![]() |
| Jajaran manajemen Pertamina Patra Niaga Regional Sulawesi saat melakukan audiensi dengan Kepala Kejaksaan Tinggi Sulawesi Tenggara di Kendari, Kamis (22/1/2026). (Foto: Istimewa) |
KENDARI, indinews.id - PT Pertamina Patra Niaga Regional Sulawesi menjalin koordinasi dengan Kejaksaan Tinggi (Kejati) Sulawesi Tenggara (Sultra) guna memperkuat pengawasan dan kepatuhan hukum dalam rantai distribusi energi.
Langkah tersebut diwujudkan melalui audiensi bersama Kepala Kejaksaan Tinggi Sulawesi Tenggara, Abd Qohar AF, di Kantor Kejati Sultra, Kamis (22/1/2026).

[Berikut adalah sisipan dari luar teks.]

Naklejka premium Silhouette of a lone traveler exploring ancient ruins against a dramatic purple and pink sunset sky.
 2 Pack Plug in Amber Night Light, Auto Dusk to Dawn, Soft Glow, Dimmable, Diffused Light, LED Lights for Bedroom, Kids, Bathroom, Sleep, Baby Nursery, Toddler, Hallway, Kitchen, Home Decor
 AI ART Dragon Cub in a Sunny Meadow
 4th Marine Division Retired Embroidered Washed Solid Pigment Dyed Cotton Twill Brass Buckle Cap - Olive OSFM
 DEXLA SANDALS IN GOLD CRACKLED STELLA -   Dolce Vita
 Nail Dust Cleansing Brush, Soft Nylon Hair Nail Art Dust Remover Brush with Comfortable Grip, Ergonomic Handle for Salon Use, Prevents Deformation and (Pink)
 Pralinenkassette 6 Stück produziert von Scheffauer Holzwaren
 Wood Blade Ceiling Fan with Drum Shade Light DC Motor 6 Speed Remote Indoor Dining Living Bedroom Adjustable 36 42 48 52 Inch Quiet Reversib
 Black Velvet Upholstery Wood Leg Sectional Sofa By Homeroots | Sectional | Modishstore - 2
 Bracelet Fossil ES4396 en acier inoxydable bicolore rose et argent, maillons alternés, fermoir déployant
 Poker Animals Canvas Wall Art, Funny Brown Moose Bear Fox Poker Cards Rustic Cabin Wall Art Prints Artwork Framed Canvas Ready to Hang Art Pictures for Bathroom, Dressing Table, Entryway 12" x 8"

Pertemuan itu dihadiri Executive General Manager Pertamina Patra Niaga Regional Sulawesi, Deny Sukendar, bersama jajaran manajemen.
Audiensi membahas penguatan tata kelola penyaluran bahan bakar minyak (BBM) dan liquefied petroleum gas (LPG), termasuk mitigasi risiko, peningkatan kepatuhan terhadap regulasi, serta pencegahan potensi penyimpangan di lapangan.
Dalam kesempatan tersebut, Pertamina Patra Niaga menegaskan pentingnya sinergi lintas institusi untuk memastikan distribusi energi berjalan sesuai ketentuan serta berkelanjutan bagi masyarakat.
“Sinergi dengan Kejaksaan Tinggi merupakan bagian dari komitmen kami menjaga integritas operasional. Pertamina Patra Niaga terus mengedepankan kepatuhan hukum dan akuntabilitas agar penyaluran BBM dan LPG berlangsung sesuai regulasi dan memberi manfaat optimal bagi masyarakat,” ujar Deny Sukendar.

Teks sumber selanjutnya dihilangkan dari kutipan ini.